C’est le début d’une correspondance qui durera 18 ans, jusqu’à la mort de Woolf. Correspondance 1923-1941 – Vita Sackville- West/Virginia Woolf est le titre du livre paru chez Stock en 2010 et qui retrace en quelques 576 pages la liaison épistolaire qu’ont entretenue les deux femmes. Dans une société qui ne badine pas avec la bienséance, leur liberté de mœurs n’est pas toujours admise. A ce sujet, Woolf écrira à son « amie » le 17 février 1926 : « … J’ai eu des tas d’ennuis avec des parents à moi, des gens âgés. Trois vieux messieurs, aux alentours de la soixantaine, ont découvert que Vanessa (sa sœur) vit dans le péché avec Duncan Grant et que je suis l’auteure de Mrs Dalloway – ce qui équivaut à vivre dans le péché. »

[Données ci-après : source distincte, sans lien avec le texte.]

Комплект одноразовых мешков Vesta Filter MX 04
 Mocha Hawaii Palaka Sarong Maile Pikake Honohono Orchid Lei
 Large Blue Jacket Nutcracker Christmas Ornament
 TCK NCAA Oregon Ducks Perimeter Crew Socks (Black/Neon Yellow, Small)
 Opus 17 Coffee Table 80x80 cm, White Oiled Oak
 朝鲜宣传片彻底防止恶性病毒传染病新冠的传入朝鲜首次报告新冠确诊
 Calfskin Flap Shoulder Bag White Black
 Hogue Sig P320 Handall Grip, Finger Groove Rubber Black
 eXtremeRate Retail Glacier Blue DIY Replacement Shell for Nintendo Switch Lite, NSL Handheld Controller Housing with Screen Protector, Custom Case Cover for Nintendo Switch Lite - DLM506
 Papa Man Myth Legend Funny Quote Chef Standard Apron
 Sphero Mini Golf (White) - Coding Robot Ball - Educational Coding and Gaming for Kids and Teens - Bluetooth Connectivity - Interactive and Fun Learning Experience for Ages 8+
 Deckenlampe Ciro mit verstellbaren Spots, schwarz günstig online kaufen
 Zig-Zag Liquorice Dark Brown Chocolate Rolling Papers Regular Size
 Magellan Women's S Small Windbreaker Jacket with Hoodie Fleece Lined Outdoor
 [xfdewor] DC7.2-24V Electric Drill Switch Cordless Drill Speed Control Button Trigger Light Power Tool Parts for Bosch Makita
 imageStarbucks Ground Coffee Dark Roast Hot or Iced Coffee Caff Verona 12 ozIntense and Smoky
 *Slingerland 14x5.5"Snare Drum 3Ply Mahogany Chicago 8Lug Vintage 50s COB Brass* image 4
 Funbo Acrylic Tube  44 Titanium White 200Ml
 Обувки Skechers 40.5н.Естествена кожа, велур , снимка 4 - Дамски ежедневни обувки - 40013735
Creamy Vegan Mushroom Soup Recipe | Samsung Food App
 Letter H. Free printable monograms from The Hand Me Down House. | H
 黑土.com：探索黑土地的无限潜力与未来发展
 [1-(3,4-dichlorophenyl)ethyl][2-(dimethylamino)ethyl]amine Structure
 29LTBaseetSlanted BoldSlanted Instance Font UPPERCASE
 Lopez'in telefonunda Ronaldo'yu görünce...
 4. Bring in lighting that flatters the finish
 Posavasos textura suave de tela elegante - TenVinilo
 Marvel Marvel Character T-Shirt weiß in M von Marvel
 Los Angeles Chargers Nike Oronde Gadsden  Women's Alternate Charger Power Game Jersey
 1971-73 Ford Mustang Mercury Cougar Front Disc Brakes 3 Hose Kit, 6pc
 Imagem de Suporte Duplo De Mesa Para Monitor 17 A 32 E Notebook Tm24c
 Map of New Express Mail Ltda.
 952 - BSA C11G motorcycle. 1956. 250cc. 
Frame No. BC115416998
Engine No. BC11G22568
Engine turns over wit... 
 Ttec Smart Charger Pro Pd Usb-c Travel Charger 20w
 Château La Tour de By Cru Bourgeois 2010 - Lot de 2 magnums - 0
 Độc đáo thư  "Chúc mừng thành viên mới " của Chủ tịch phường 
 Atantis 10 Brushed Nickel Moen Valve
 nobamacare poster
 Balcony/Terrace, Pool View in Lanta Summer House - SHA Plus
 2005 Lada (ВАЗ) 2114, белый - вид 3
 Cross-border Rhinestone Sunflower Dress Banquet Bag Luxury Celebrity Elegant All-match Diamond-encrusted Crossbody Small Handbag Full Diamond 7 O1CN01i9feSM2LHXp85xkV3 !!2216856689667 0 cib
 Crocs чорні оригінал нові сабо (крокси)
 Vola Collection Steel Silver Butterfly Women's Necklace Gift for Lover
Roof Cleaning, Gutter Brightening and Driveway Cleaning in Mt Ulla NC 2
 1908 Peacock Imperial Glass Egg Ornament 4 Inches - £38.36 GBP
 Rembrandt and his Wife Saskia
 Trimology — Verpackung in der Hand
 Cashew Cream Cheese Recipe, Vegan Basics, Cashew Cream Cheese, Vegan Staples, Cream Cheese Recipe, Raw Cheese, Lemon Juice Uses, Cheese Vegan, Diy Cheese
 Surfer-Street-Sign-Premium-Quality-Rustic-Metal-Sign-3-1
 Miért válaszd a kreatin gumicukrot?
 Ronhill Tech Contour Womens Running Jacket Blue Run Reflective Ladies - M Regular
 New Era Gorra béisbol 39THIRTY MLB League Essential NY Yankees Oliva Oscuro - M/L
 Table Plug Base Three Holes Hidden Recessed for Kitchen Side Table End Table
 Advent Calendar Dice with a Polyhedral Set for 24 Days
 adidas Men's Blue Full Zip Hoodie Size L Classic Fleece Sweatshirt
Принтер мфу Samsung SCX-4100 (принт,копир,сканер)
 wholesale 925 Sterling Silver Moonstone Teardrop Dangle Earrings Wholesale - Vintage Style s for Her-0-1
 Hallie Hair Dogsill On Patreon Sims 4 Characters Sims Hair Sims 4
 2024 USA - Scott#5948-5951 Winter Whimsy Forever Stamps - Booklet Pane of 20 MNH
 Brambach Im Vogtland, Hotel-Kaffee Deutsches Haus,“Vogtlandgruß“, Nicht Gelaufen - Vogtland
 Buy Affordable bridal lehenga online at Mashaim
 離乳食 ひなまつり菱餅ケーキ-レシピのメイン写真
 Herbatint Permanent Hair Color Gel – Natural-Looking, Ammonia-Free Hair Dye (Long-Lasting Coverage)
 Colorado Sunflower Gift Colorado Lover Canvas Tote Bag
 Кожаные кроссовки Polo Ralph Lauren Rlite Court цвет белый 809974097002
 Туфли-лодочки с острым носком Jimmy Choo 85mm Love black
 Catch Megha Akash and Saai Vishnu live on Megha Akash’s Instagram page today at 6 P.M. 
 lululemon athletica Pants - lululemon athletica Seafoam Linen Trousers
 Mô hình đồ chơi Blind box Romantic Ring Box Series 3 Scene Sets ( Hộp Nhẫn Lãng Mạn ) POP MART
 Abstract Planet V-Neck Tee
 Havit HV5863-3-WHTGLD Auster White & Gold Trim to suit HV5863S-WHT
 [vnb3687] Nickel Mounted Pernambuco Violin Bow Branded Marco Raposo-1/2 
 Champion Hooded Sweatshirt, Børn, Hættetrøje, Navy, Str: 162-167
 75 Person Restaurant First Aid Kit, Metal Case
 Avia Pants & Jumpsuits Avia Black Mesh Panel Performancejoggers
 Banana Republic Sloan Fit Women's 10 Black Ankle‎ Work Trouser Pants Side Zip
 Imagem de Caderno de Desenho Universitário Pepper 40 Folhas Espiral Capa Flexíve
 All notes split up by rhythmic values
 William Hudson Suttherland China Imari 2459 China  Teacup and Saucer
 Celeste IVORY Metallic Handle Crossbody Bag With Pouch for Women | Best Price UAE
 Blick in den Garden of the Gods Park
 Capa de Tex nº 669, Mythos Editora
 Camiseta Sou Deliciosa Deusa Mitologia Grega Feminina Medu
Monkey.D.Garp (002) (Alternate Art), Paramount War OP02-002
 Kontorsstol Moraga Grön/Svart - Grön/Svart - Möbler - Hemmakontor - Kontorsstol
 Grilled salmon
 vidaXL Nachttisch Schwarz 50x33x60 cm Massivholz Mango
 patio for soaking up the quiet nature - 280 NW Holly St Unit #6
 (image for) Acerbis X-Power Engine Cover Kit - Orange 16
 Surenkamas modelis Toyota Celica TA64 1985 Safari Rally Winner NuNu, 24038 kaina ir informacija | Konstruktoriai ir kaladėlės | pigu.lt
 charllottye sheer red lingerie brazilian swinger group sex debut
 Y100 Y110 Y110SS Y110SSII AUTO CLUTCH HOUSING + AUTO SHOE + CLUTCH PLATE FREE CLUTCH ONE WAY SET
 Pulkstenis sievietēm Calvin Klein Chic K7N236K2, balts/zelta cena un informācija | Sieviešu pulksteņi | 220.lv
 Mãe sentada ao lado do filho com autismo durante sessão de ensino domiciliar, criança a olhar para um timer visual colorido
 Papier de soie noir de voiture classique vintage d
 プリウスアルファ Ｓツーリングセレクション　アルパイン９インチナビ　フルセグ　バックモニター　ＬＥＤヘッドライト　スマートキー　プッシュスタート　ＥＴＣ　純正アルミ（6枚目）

Heureusement, dans un cas comme dans l’autre, les deux femmes ont pu se consoler d’avoir deux époux assez « compréhensifs ». Le mari de Sackville West étant lui-même bisexuel, ça aide. A son sujet, elle dira d’ailleurs : « Naturellement, il n’est pas jaloux ».Pourtant, au vu de la nature des échanges de Vita et de Virginia, il y a matière à l’être. Entre autres invitations aguicheuses, on peut ainsi lire :«Si je te voyais me donnerais-tu un baiser ? Si j’étais au lit, est-ce que tu me *** ». En décembre 1925, la relation devient explicitement charnelle. Les lettres sont alors jalonnées de « ma chérie », « très chère créature ». Etc.
Pour autant, l’échange reste majoritairement axé autour de réflexions sur l’écriture et la littérature. West est fascinée par le génie littéraire de Woolf : « Je compare mon écriture d’analphabète à la vôtre, si savante, et je rougis de honte ». « … C’est là le genre de chose que j’aimerais écrire moi-même ». Par la suite, Virginia dressera le portrait de Vita, sous les traits d’Orlando, une biographie fantasmée dans laquelle le héros, double reconnaissable de Vita, traverse les siècles et change de sexe. A propos de ce livre, Nigel Nicolson, le fils de Vita dira que c’est « la plus longue et la plus charmante lettre d’amour de la littérature ».